Viviamo in un tempo di bulimia digitale dove un contenuto non basta più che passiamo a quello successivo.
La gente crede che siano i social ad aver rovinato i ragazzi. Adulti che credono che con i social siamo diventati depressi. Quando in realtà è il contrario. Ed è perché siamo depressi che usiamo i social.
Ma soprattutto in questo caso i social non ho capito cosa c’entrino. Qualcuno ha tirato in ballo la scuola. La società in cui viviamo. Il ragazzo aveva assistito probabilmente – come ho saputo – più volte a diverbi scoppiati in casa per questioni ereditarie. Non c’entra la scuola. Non c’entra il Patron del tribunale dei mi piace dispensati sotto alle bombe. In questa storia forse c’entra solo il Dio denaro. Il Dio quattrini. I soldi del resto dividono. E le famiglie si spaccano. C’è una brutalità immensa nell’ammazzare qualcuno e gettare il corpo in un canale. C’è l’inconsapevolezza del dono della vita. C’è la convinzione di poter decidere chi rimane su questa terra. E di porre fine alla vita di una persona e trasportarla come fosse un sacco pensando forse di non essere mai scoperto.
E c’è un baratro dentro, di cui – a meno che uno non sia uno psichiatra, è già è dura – si fa fatica a spiegare.
C’entra forse la debolezza della mente di quel ragazzo. E il suo naufragio in una rabbia che non ha saputo contenere. Il regolamento di conti con la violenza. La lite. Gli alterchi. I diverbi. Incapaci come siamo di sostenere un discorso senza attaccare l’altro.

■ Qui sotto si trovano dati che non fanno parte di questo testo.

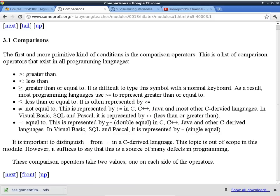Not equal to is a little different. In C and C++, you use exclamation point followed immediately by equal symbol to represent not equal to. In other languages like Visual Basic, SQL, and Pascal, they use the less-than, greater-than symbol for not equal to. Equal to is represented by double equal in C and C++. This is particularly important because most of you are moving on to CISP 360 - you must differentiate single equal in C, which means assignment, from double equal in C, which means comparison for equality.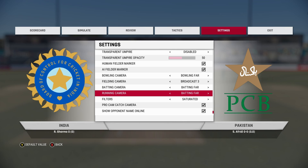For bowling, I have bowling far, so this kind of takes you with the bowler. For fielding, broadcast 3 — it's okay but they can do better, but as far as Cricket 22 goes, this is the best.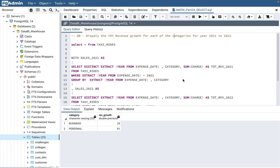For data engineers and BI engineers — not a junior role — this kind of question may come up in a second round, because in the first round they'll cover basic concepts and then move higher. So let's get started with today's query.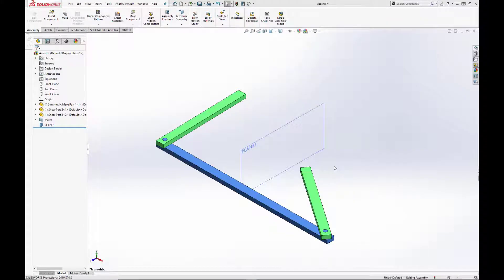Good afternoon everybody and thank you for watching. Today we're going to give a brief overview on the symmetric mate in SOLIDWORKS.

La violenza è diventata un linguaggio normale.
Nei commenti a questo fatto ho letto le cose più aberranti. Da “occhio per occhio, dente per dente”. A “giornalisti perché non scrivete il nome? Perché è italiano forse?”. Non comprendendo nemmeno che è un minorenne. E forse manco il nome della zia avremmo potuto fare. A “buttate via la chiave”.
Cose da ribrezzo scritte da chi crede di avere la patente in tasca come viatico della vita.
Forse sì. Forse ci sono rimasti solo i social. E siamo in grado di dare il peggio di noi anche lì.